Барак больнички, с решётками, изображающими солнечные лучи, на всех её окнах, был разделен на два крыла. По левую сторону от входа в барак с небольшим вестибюлем, было крыло санчасти с коридором во всю его длину. По обе стороны коридора были двери. Здесь были кабинет вольного начальника больницы, лечебный кабинет зубного врача и приёмный кабинет вольного фельдшера, женщины предпенсионного возраста, которой зэки дали погоняло (кличку, прозвище) Конь-баба. Были и просто закрытые двери без табличек, но что скрывалось за ними, большинству зэков зоны было неизвестно. Потолок и верх стен коридора были крашены известью, а низ стен, в рост человека, был выкрашен тёмно-зелёной масляной краской. В конце коридора было окно с "лучистой" решёткой между рамами, которое освещало этот коридор в дневное время.
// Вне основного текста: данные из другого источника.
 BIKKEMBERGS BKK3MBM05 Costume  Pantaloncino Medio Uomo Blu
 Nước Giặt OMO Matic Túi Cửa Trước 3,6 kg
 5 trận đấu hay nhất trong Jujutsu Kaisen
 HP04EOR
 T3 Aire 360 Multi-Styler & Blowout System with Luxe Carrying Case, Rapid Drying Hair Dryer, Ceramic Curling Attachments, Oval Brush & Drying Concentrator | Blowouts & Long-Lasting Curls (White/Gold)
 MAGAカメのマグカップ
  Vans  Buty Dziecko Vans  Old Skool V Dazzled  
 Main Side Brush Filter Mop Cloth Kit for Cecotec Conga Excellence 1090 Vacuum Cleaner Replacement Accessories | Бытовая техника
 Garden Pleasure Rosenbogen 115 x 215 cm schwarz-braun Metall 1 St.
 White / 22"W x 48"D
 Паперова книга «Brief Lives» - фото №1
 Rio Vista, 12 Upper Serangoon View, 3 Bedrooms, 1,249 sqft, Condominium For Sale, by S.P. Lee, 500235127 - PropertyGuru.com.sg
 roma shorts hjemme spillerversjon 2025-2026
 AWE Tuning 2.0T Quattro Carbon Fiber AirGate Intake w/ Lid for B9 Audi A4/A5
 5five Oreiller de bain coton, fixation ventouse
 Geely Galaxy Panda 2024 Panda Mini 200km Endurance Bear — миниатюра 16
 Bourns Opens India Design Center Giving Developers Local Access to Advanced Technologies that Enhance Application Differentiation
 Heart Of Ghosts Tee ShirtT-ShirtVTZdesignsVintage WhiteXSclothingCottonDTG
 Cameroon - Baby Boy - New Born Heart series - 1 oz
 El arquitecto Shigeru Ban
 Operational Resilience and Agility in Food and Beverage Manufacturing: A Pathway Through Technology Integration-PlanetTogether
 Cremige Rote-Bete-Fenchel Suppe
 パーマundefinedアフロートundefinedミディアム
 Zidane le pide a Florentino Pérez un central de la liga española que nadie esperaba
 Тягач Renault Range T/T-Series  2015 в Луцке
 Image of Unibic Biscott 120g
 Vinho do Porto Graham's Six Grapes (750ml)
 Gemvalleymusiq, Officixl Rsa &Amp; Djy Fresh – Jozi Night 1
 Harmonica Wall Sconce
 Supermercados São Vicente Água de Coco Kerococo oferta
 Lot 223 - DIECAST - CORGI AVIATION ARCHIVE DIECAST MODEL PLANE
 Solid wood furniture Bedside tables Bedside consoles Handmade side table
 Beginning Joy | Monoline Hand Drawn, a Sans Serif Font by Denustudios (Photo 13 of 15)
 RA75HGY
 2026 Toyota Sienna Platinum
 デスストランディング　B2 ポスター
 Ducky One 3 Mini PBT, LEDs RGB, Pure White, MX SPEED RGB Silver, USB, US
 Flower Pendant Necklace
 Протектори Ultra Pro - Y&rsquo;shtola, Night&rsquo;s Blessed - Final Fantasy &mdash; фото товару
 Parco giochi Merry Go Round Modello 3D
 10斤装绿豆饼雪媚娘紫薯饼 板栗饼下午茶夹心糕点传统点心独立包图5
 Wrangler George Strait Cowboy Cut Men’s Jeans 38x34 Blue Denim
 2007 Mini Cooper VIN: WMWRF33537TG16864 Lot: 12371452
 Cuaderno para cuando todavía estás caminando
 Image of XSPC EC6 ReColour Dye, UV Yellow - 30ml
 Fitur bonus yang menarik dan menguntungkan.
По левую сторону от входа в этот коридор санчасти, сразу же за приёмным кабинетом фельдшера, было окошечко в стене для выдачи лекарств не стационарным больным. Оно было с деревянной дверцей, которая чаще была закрытой, чем открытой. Это было выгодно всем, - и простым зэкам, и зэкам-санитарам больнички, и её вольному медперсоналу.
Простому зэку от этого было неплохо побыть как можно дольше времени "по уважительной причине" там, где можно было встретить старого знакомого или кента (друга, приятеля) из другого отряда колонии. Можно было и просто, стоя в очереди, услышать из разговоров других зэков некоторые зоновские новости. Вольной медсестре, естественно, и спешить было незачем. Зэкам же санитарам больнички это позволяло и трудиться не спеша, и повышать, таким образом, свой зоновский авторитет среди простых зэков.
Никто никогда не объяснял зэкам, пришедшим в больничку за лекарствами, почему окошко для выдачи лекарств так долго не открывают. Значит "так надо". А будешь стучать в окошечко, можешь нажить себе неприятности. Если не сейчас, то позднее. Ведь из зоны зэку деваться некуда. Сидеть да сидеть. А самый маленький срок в этом лагере был три с половиной года. В зоне, численностью около двух тысяч зэков, такой маленький срок был тогда лишь у двух-трёх заключённых. Сроки были от "пятерика" и выше. Да и с "пятериками" зэков было маловато. В основном - от семи и выше.
Сроки заключения от пяти до семи лет считались средними, от семи до десяти - нормальными, а от десяти и выше - большими. В связи с этим зэки говорили, что срок в три года можно на одной ноге на параше просидеть, и вольные пирожки из ж... ещё не все успеют вылететь.
По правую сторону от входа в барак больнички было крыло уже именно той самой больнички, попасть в которую так хотелось бы любому простому зэку. Это был стационар. Входная дверь в стационар из маленького вестибюля была постоянно закрыта на ключ. Если кто-то из зэков приходил к больному для того, чтобы передать ему сигарет или чаю, (какие ещё "передачи" для больного могут быть в зоне?), то стучать в дверь ему нужно было аккуратно, не слишком долго и не слишком громко.
Стучать так приходилось, с перерывами для ожидания, минут пять-десять, иногда пятнадцать. Затем дверь открывал зэк-санитар, и через какое-то время из двери выпускали больного. "Минут на десять", как и говорил зэк-санитар с непререкаемым тоном в голосе.